Avverso tale sentenza ha proposto personalmente ricorso per cassazione l’imputato, deducendo, con due distinti motivi, manifesta illogicità e carenza di motivazione, nonché questione di legittimità costituzionale dell’art. 613, comma 1, cod. proc. pen. per contrasto con gli artt. 111, comma 7, e 117, comma 1, Cost.
Il ricorso deve essere dichiarato inammissibile, in quanto sottoscritto personalmente dall’imputato.
E’ ben noto, infatti, che ai sensi dell’art. 613, comma 1, cod. proc. pen., come modificato dalla I. 23 giugno 2017, n. 103, ed applicabile ai procedimenti instaurati a decorrere dal 3 agosto 2017, l’atto di ricorso, le memorie e i motivi nuovi devono essere sottoscritti, a pena di inammissibilità, da difensori iscritti nell’albo speciale della Corte di cassazione.

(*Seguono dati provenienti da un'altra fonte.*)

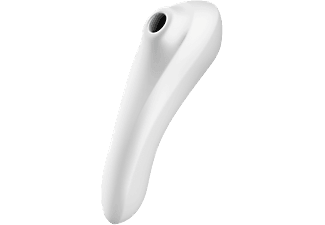 SATISFYER Dual Pleasure - Stimolatore clitorideo (Bianco)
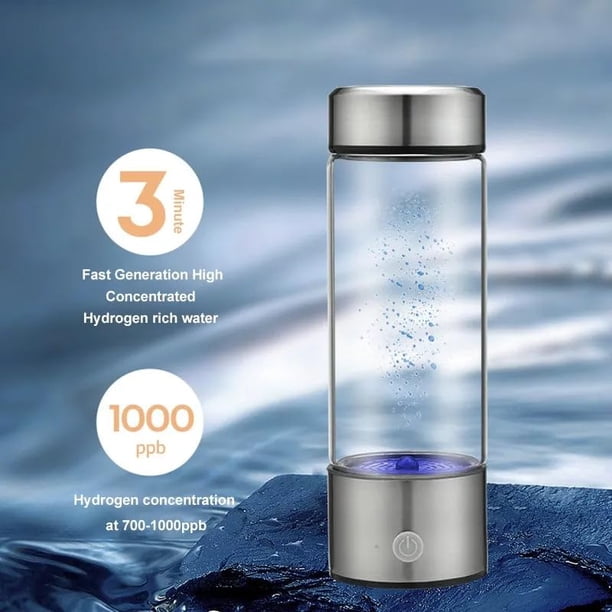Aqua Vital Hydrogen Water Bottle Rechargeable Portable Hydrogen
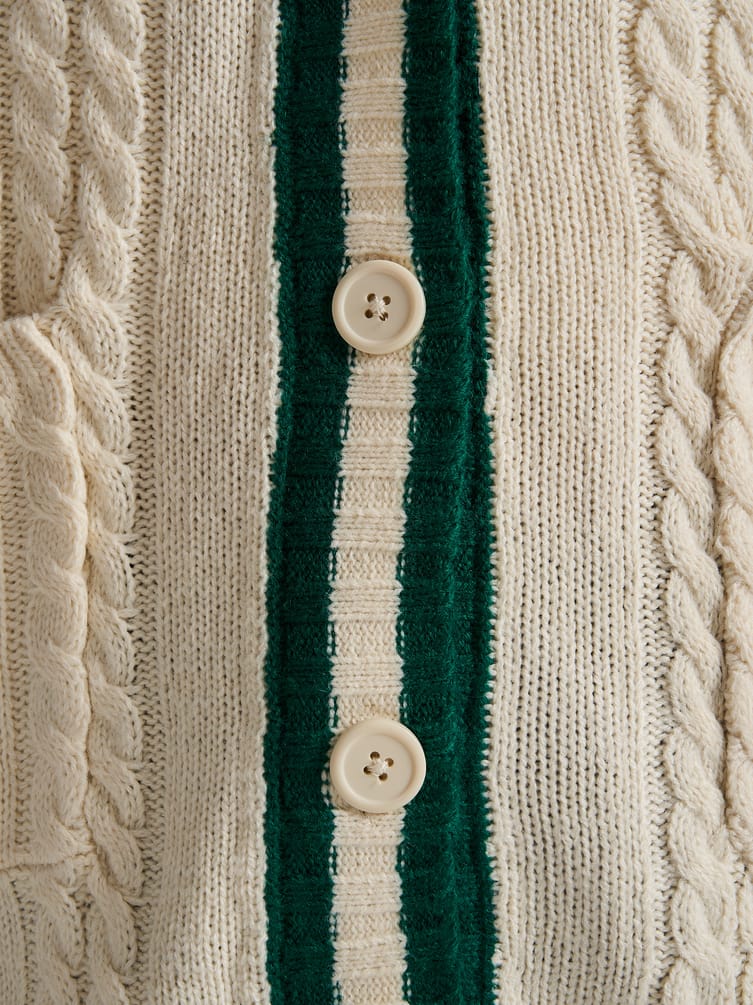 Кардиган вязаный оверсайз на пуговицах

E’ stato più volte affermato che il ricorso per cassazione avverso un qualsiasi tipo di provvedimento non può essere proposto dalla parte personalmente, ma, a seguito della modifica apportata agli artt. 571 e 613 cod. proc. pen. dalla I. n. 103 del 2017, deve essere sottoscritto, a pena di inammissibilità, da difensori iscritti nell’albo speciale della Corte di cassazione, essendo irrilevante, per la natura personale dell’atto innpugnatorio, l’autenticazione, ad opera di un legale, della sottoscrizione del ricorso, che, ai sensi dell’art. 39 disp. att. cod. proc. pen., attesta unicamente la genuinità di tale sottoscrizione e la sua riconducibilità alla parte privata (così, tra le alt Sez. 6, n. 54681 del 03/12/2018, Zhair, Rv. 274636-01; Sez. 5, n. 36161 del 16/03/2018, S., Rv. 273765-01).
Non sussistono i presupposti, poi, per la ritenuta ricorrenza di un contrasto dell’art. 613, comma 1, cod. proc. pen. con gli artt. 111, comma 7, e 117, comma 1, Cost., per l’effetto rendendo manifestamente infondata la questione di legittimità costituzionale eccepita dal NOME con il secondo motivo di ricorso.
All’inammissibilità del ricorso segue, per legge, la condanna del ricorrente al pagamento delle spese processuali ed al versamento di una somma in favore della Cassa delle ammende che, avuto riguardo all’elevato coefficiente
di colpa connotante la rilevata causa di inammissibilità, appare conforme a giustizia stabilire nella somma di euro 4.000,00.
P.Q.M.
Dichiara inammissibile il ricorso e condanna il ricorrente al pagamento delle spese processuali e della somma di euro 4.000,00 in favore della Cassa delle ammende.